*** RECORDS SUPPLIED

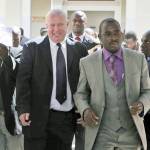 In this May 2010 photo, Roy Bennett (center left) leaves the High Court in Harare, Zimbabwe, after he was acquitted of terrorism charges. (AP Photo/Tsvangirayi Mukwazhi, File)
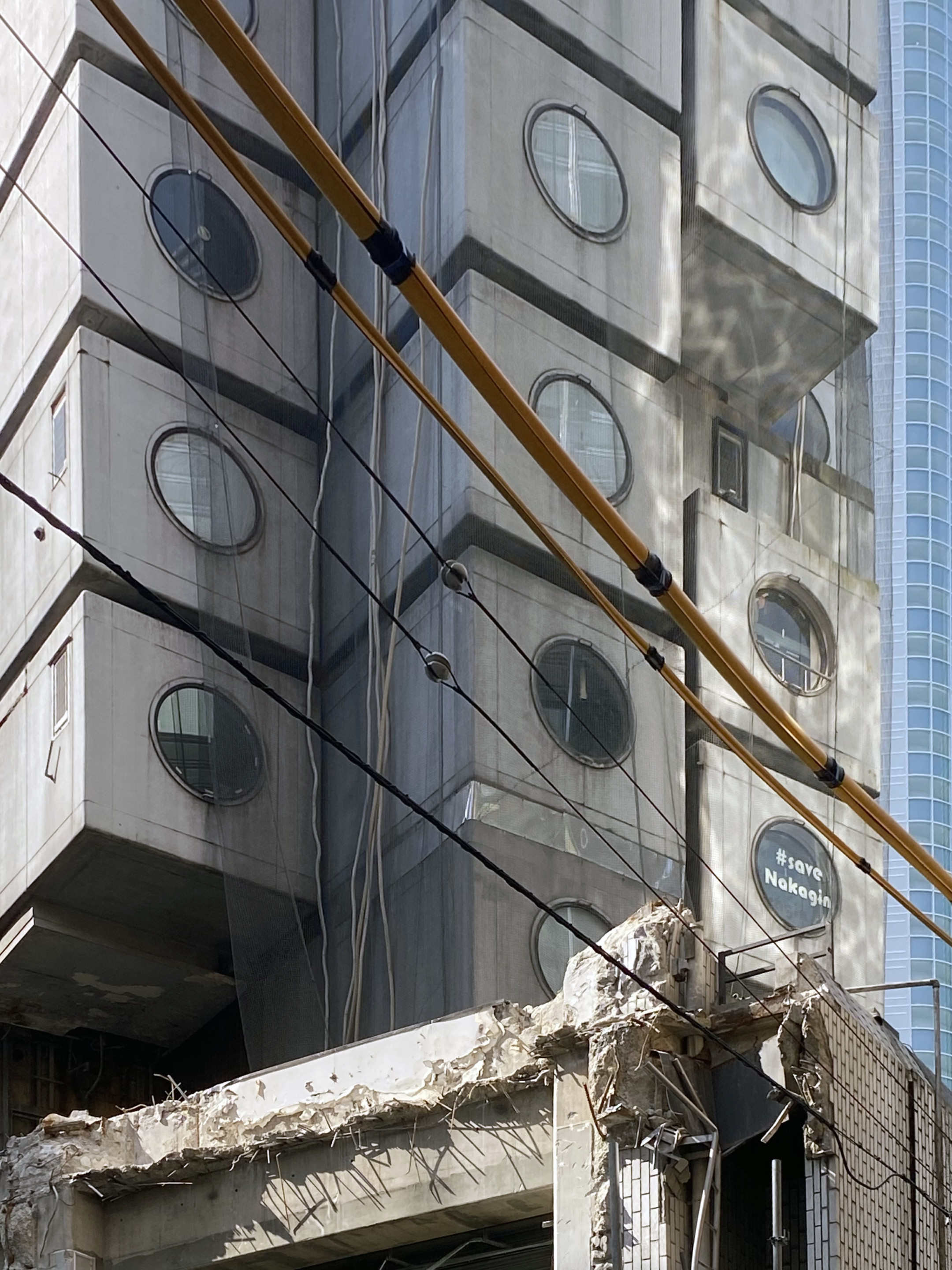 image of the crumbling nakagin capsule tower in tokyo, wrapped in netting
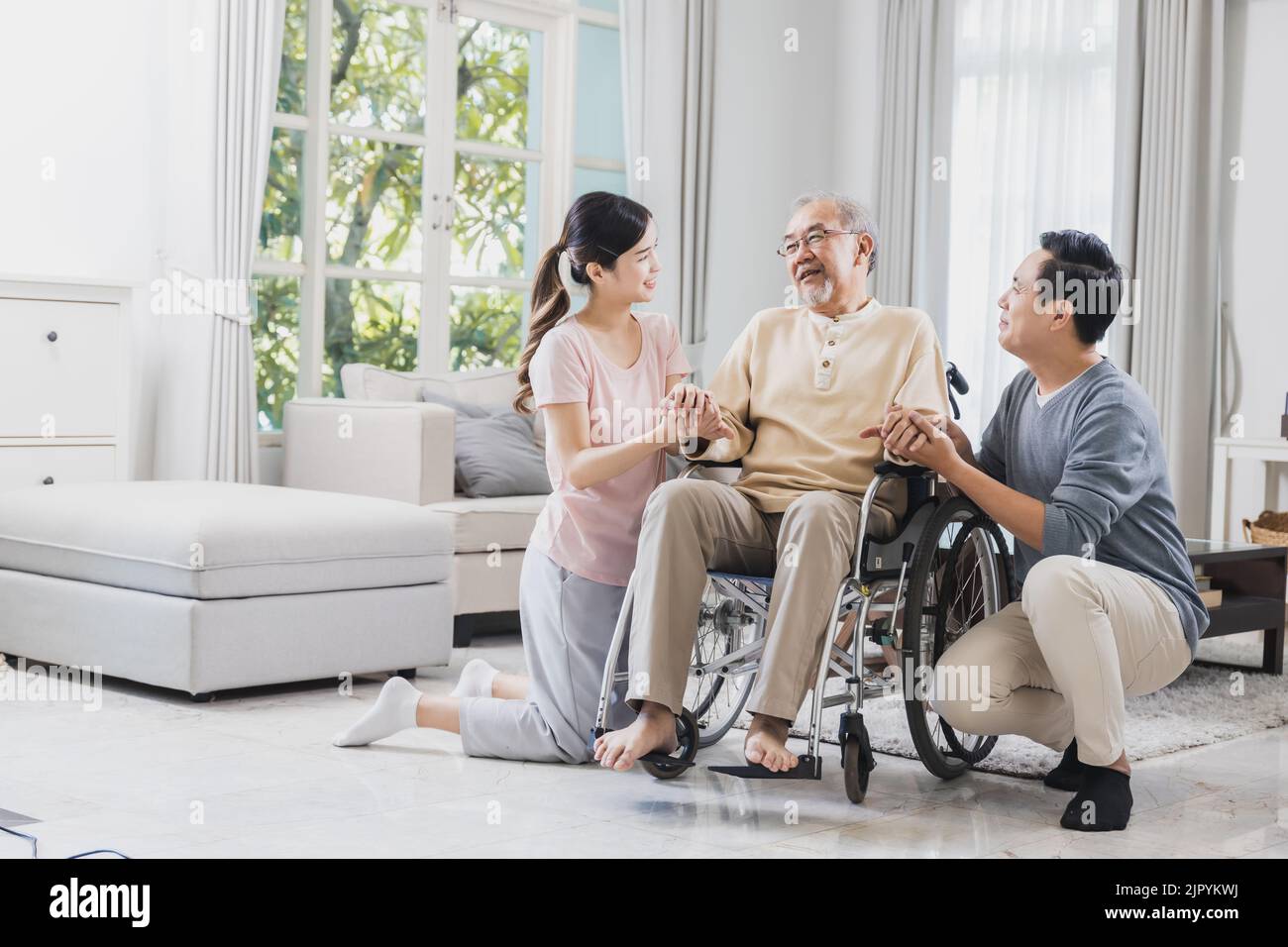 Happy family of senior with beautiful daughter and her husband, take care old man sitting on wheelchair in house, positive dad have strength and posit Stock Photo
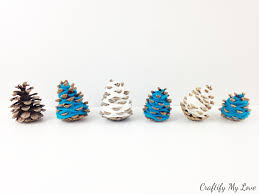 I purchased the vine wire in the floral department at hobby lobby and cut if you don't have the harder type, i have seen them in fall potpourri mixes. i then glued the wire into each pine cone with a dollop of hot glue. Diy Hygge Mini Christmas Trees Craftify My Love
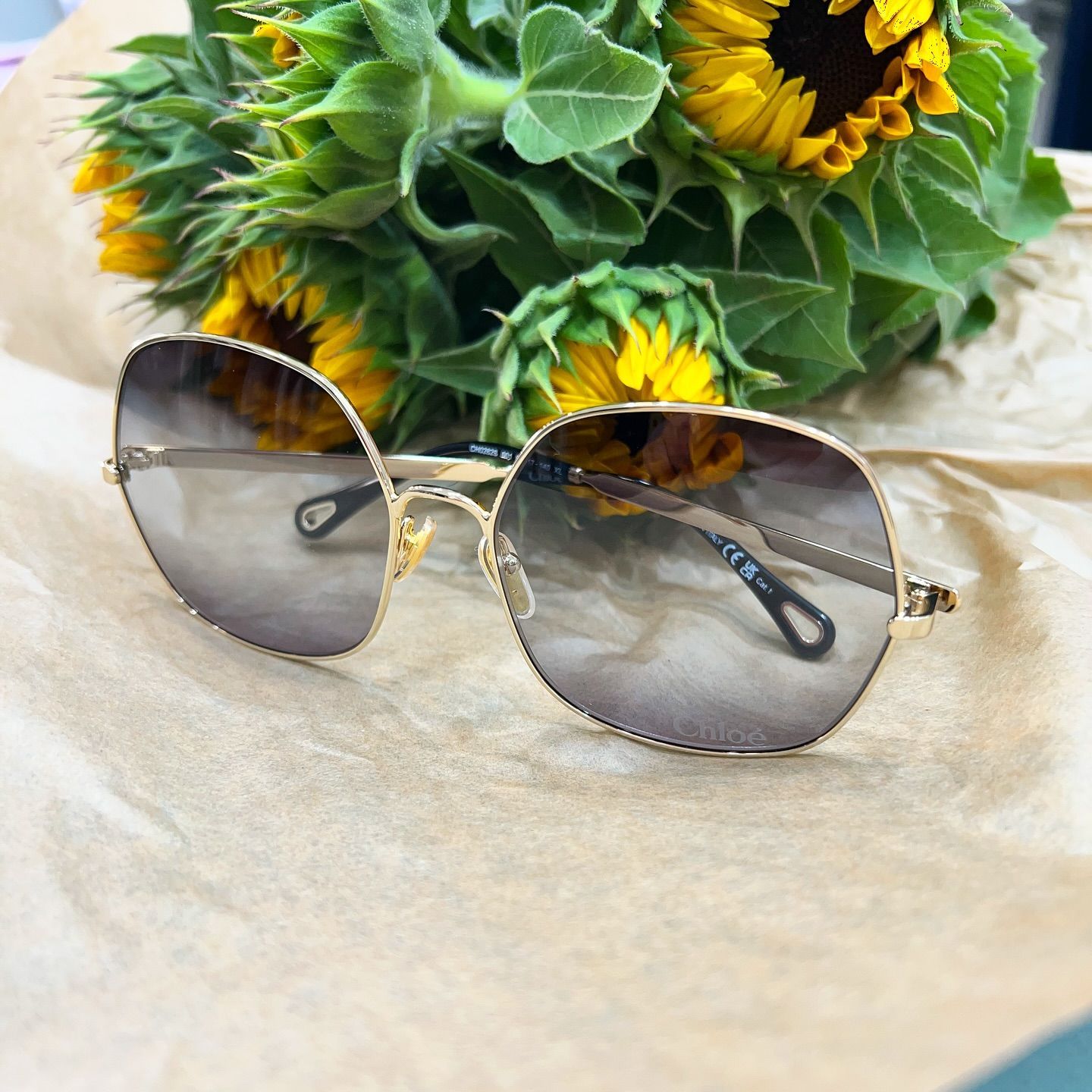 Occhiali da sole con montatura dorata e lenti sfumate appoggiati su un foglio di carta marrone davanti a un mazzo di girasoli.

******
*** RECORDS SUPPLIED

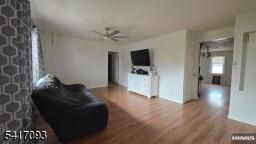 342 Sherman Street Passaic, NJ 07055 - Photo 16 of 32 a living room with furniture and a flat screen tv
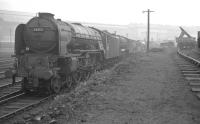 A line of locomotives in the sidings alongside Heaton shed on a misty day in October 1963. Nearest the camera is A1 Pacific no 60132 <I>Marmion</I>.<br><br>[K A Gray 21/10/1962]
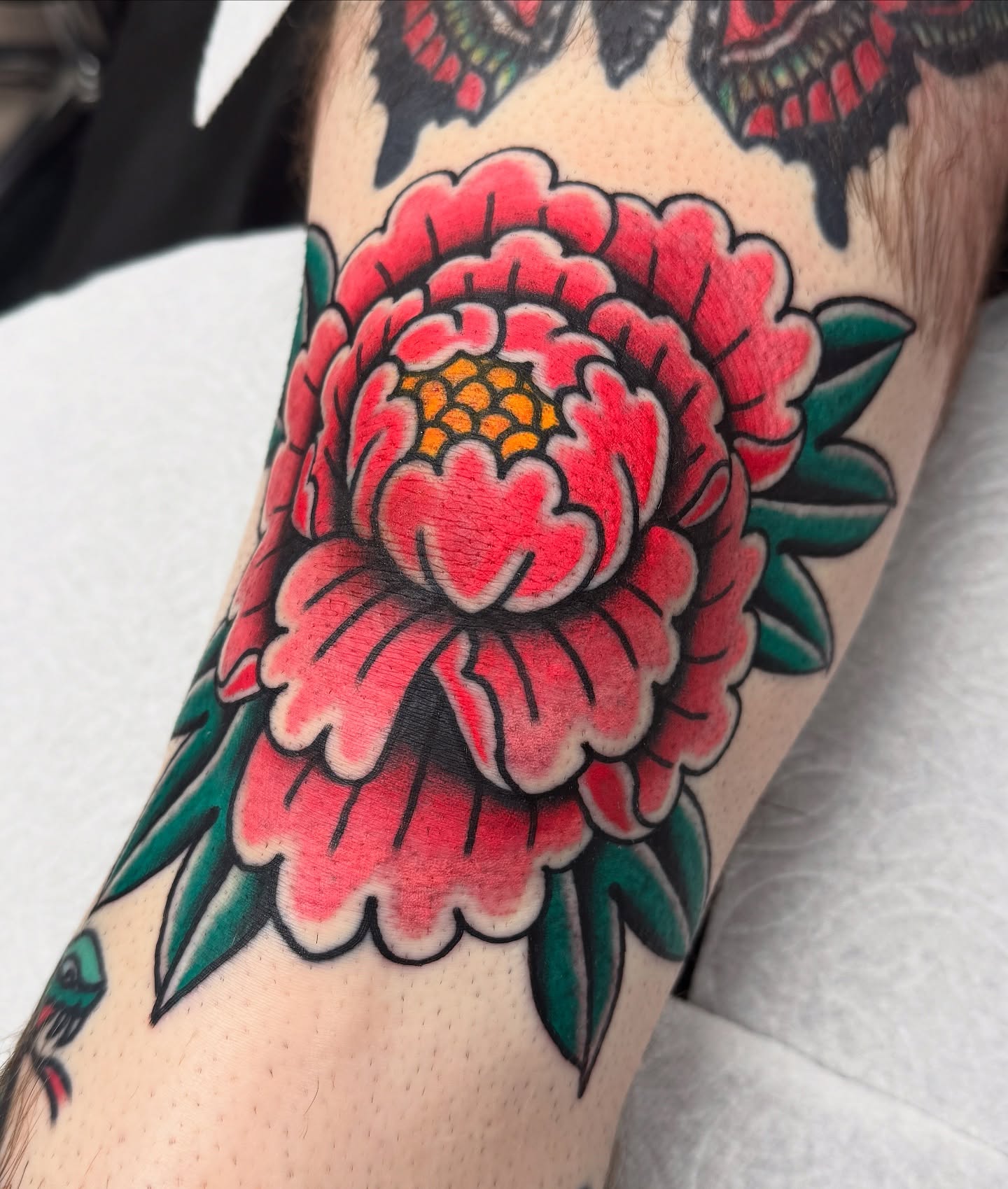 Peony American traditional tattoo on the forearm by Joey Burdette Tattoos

******

PROBLEM DETAILS:
What you write out is the stretch of entries from the line containing "In this May" to the line containing "I purchased the", word for word, with both end lines and no pictures.

ANSWER SECTION:
 In this May 2010 photo, Roy Bennett (center left) leaves the High Court in Harare, Zimbabwe, after he was acquitted of terrorism charges. (AP Photo/Tsvangirayi Mukwazhi, File)
 image of the crumbling nakagin capsule tower in tokyo, wrapped in netting
 Happy family of senior with beautiful daughter and her husband, take care old man sitting on wheelchair in house, positive dad have strength and posit Stock Photo
 I purchased the vine wire in the floral department at hobby lobby and cut if you don't have the harder type, i have seen them in fall potpourri mixes. i then glued the wire into each pine cone with a dollop of hot glue. Diy Hygge Mini Christmas Trees Craftify My Love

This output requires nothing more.